Lewis doesn't claim that the As found a one-size-fits-all infallible blueprint; unarguably, several million dollars into the annual bank balance of a Barry Bonds, an A-Rod or a Jeter make for an interesting alternative. Moneyball, really, is simply a one-off example of brilliant sports writing by an author whose true beat is big business. In this edition, Lewis unfortunately, cannot resist an appendix to deal with a faction in baseball that decries his efforts. He should have let the book speak for itself. It is certainly good enough.
I would suggest trying to pick up the edition with the "new afterword" which discusses the response to the book from the "baseball industry" which treated as arrogant bragadocio from writer Billy Beane, totally missing that it wasn't actually written by Mr Beane and was hardly boastful or arrogant. The baseball industry - the writers, scouts, managers etc - continues to perpetuate their myths even as other smaller teams (and some of the bigger teams) adopt the A's modus operandi with similar successful results.
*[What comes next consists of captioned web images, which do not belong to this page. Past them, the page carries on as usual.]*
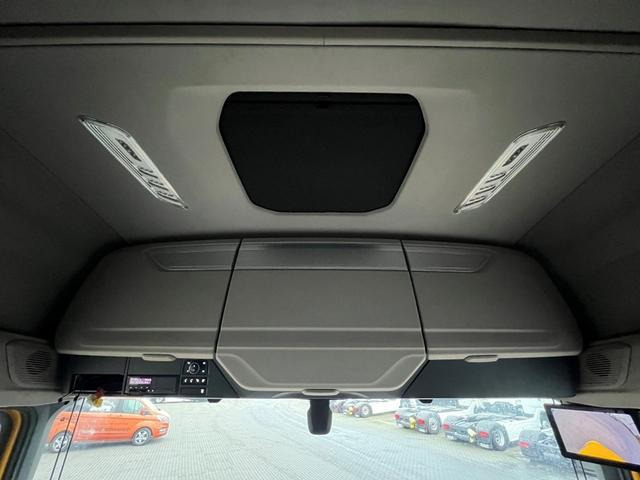 DAF XG+ 530 FT Low Deck ZF-Intarder Standklima Alcoa - Dragbil: bild 4 DAF XG+ 530 FT Low Deck ZF-Intarder Standklima Alcoa - Dragbil: bild 4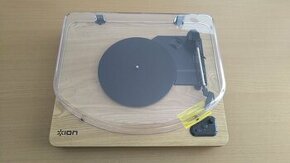 Bluetooth GRAMOFON - ION Air LP Wood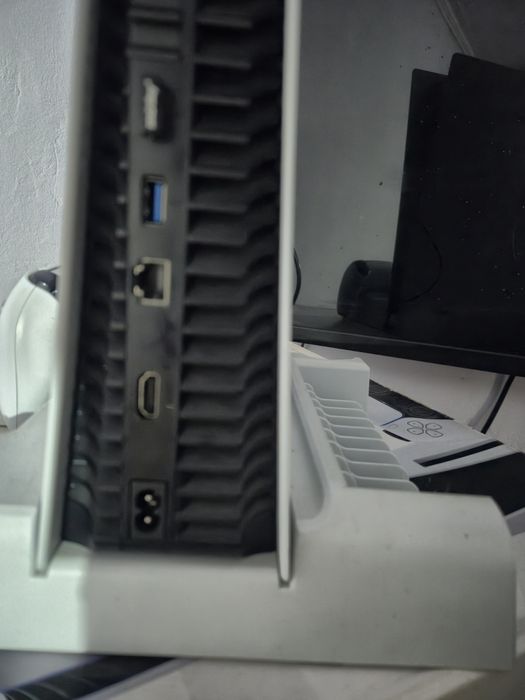 PS5 + 2 геймпада + SSD 1TB + подписка Deluxe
I'm not a baseball fan but rather a sports fan in general. You don't need an in-depth knowledge of baseball but a background awareness of at least the phraseology would be an advantage. If you love sport but are happy to occasionally have a wry smile to yourself about the nonsensical way it sometimes operates, then this is a great book for you.
The writing style is easy and engaging, and portrays the characters in a way that would make a writer of fiction proud. This may owe as much to the people themselves as to the author, but the two are merged seamlessly. The narrative moves along smoothly and is an easy and gripping read.
Any reader of sport-related books will enjoy this, but don't be put off if this isn't your usual genre and give it a go.